Strategie: Kommen die Silberpfeile unter Zugzwang?
Im Bahrain-Rennen 2014 hatten Hamilton und Rosberg eine große Show geboten. Mit harten Bandagen hatten die beiden Silberpfeile an der Spitze frei kämpfen dürfen - von der Konkurrenz war ohnehin nichts zu sehen. "Wir folgen weiterhin unserem Prinzip, dass Lewis und Nico frei fahren dürfen. Es gibt aber Situationen, wo einem klar sein muss, dass ein neuer Gegner im Spiel ist", sagt Wolff. "Es ist nicht mehr so einfach wie im Vorjahr - und das muss man immer im Hinterkopf haben."

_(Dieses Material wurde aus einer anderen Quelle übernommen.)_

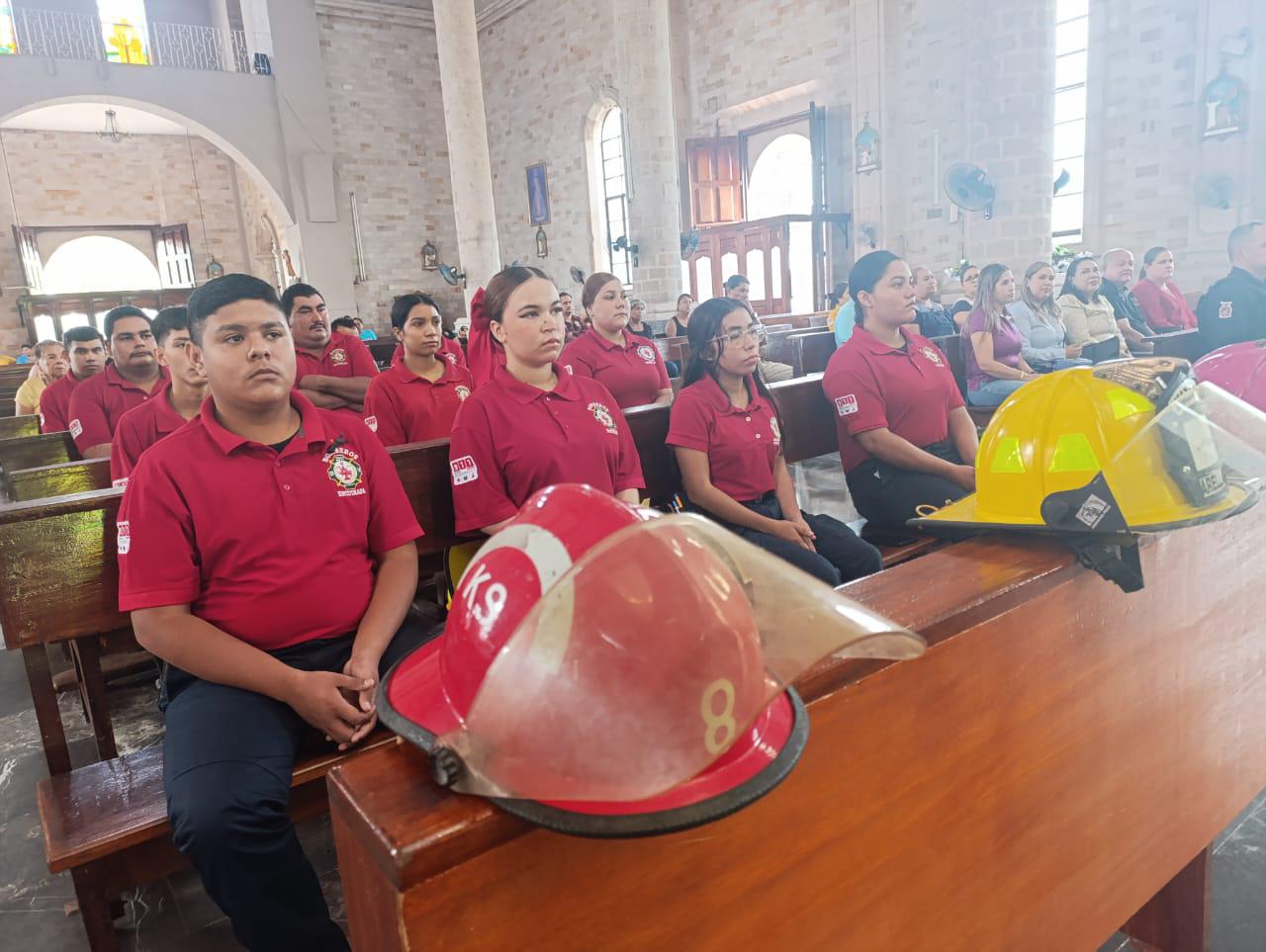 $!Destacan en misa la vocación de servicio de los Bomberos de Escuinapa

"Die Sache ist die: Wenn man einen solch großen Vorsprung hat, wie wir ihn im vergangenen Jahr hatten, dann kann man bezüglich der Rennstrategien eher mal Kompromisse eingehen. Man ist dann immer darum bemüht, dass es zwischen den beiden Piloten diesbezüglich keine Unterschiede gibt - es muss so neutral wie möglich sein. Solch eine Herangehensweise ist aber nicht zwangsläufig die schnellste", so der Österreicher. "Wir haben es in Malaysia gesehen, wo sich beide Autos quasi etwas blockiert haben."
"Kann sein, dass wir bei Bedarf die Strategien splitten, um sicherzustellen, dass wenigstens ein Auto mit Gewissheit die Chance erhält, ein gutes Resultat zu realisieren", stellt der Mercedes-Motorsportchef zwar keine Teamorder, aber doch eine unterschiedliche Herangehensweise mit den beiden Autos in Aussicht. Klartext: Die neue Stärke der Ferraris zwingt Mercedes womöglich dazu, einen der beiden Silberpfeil-Piloten auf eine Strategie zu setzen, die am Ende keinen Erfolg bringen kann.
Im Lager der Italiener ist man nach dem ersten Trainingstag in Bahrain zufrieden, aber nicht in großer Jubellaune. "Ich weiß nicht, ob wir Mercedes angreifen können", sagt Kimi Räikkönen. "Irgendwie war alles enger beisammen. Ich schätze, Mercedes hat noch nicht alles gezeigt", meint Sebastian Vettel. Ferrari-Teamchef Maurizio Arrivabene erklärt: "Wenn ich mich jetzt hinstellen und behaupten würde, dass wir den Titel gewinnen, dann wäre ich nicht bei Verstand. Wir sind glücklich, wir kommen voran. Mercedes ist aber immer noch super stark."